◆ Extracted material:

[Start of section]

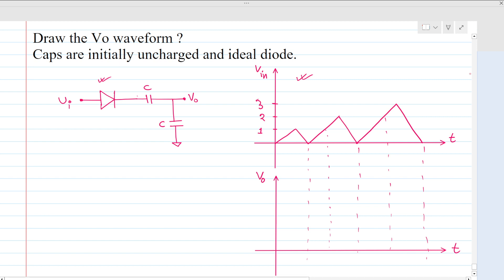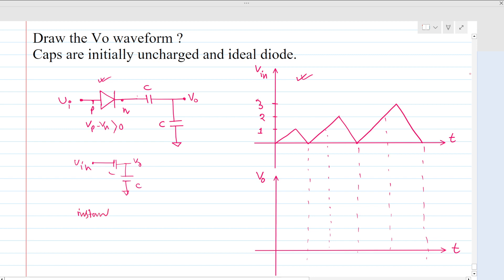Now let's solve it. For an ideal diode, let's call this the P side and this the N side. Whenever Vp minus Vn is greater than zero, the diode will conduct. If the diode conducts, the equivalent circuit will look like this. Since there is no resistor present, the charging of both capacitors will be instant — immediate charging.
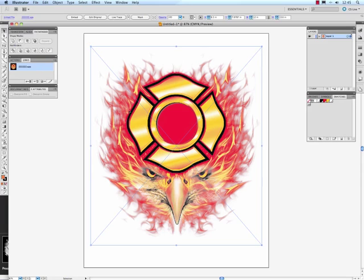It looks a little washed out on screen. Don't worry about that because it's going to print totally fine. It's just a preview in Illustrator.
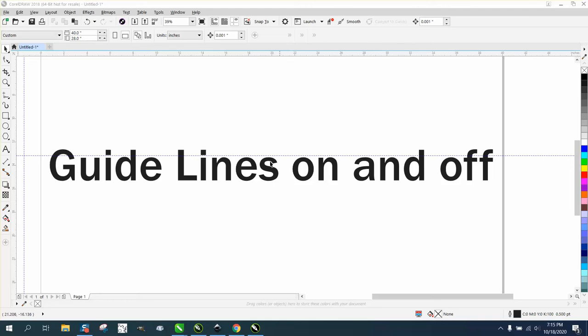Hi, it's me again with CorelDRAW tips and tricks. This is part two. I just did a video and this is the exact same thing, but I used 2020. The oldest version I have on this laptop is 18.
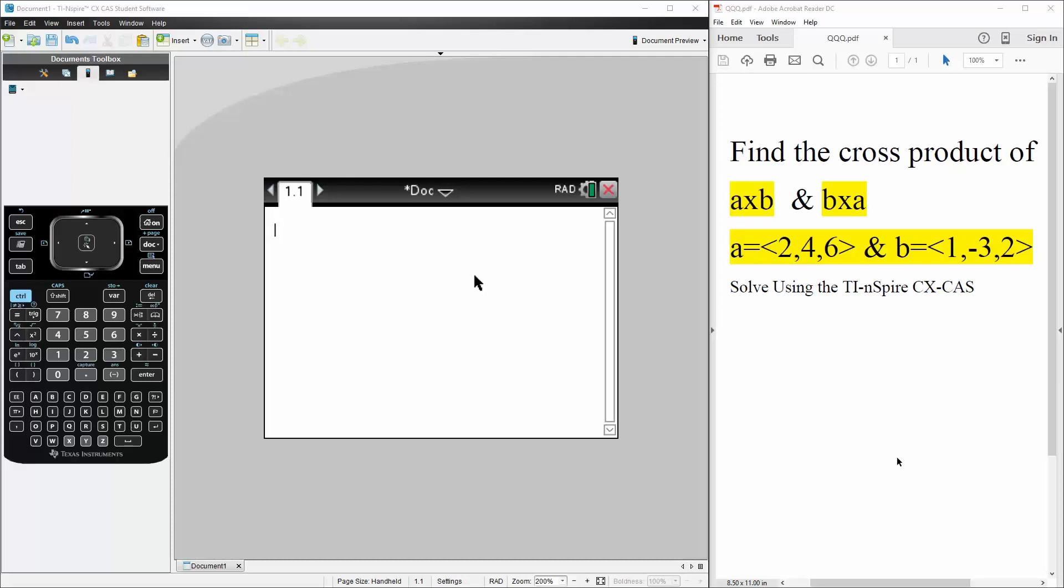Okay, in this video we want to find the cross product of A cross B and B cross A, given that A is the vector 2, 4, 6, and B is the vector 1, negative 3, 2.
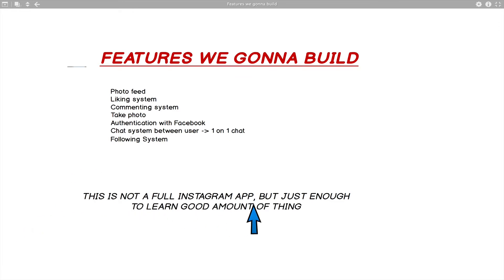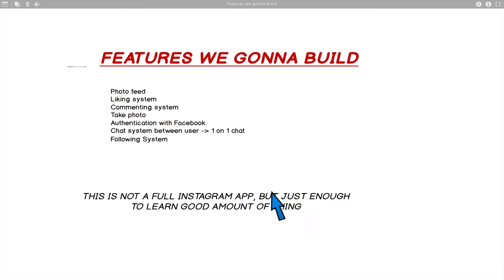We're also surely going to have a search feature at the end, but that's going to be kind of a homework for everyone. This is not a full Instagram app, but just enough to learn a good amount of things. I get a lot of comments asking to add more features, but I don't want to make a 20-hour video.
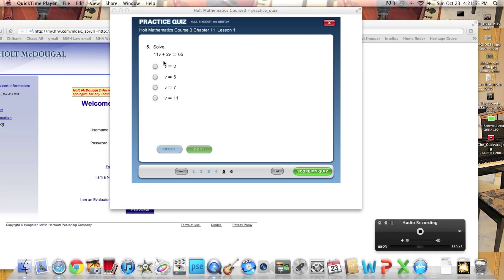What you want to do, and this will come up in a test if you're having a test about combining like terms and such, you have to make an algebraic expression. Now really, it already has one for you. It's 11V plus 2V equals 65. Write this down.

[End of section]

◆ Exercise brief:
All of the lines above must be printed again exactly, and no picture may appear in the copy.

◆ Answer for this exercise:
Now let's solve it. For an ideal diode, let's call this the P side and this the N side. Whenever Vp minus Vn is greater than zero, the diode will conduct. If the diode conducts, the equivalent circuit will look like this. Since there is no resistor present, the charging of both capacitors will be instant — immediate charging.
It looks a little washed out on screen. Don't worry about that because it's going to print totally fine. It's just a preview in Illustrator.
Hi, it's me again with CorelDRAW tips and tricks. This is part two. I just did a video and this is the exact same thing, but I used 2020. The oldest version I have on this laptop is 18.
Okay, in this video we want to find the cross product of A cross B and B cross A, given that A is the vector 2, 4, 6, and B is the vector 1, negative 3, 2.
We're also surely going to have a search feature at the end, but that's going to be kind of a homework for everyone. This is not a full Instagram app, but just enough to learn a good amount of things. I get a lot of comments asking to add more features, but I don't want to make a 20-hour video.
What you want to do, and this will come up in a test if you're having a test about combining like terms and such, you have to make an algebraic expression. Now really, it already has one for you. It's 11V plus 2V equals 65. Write this down.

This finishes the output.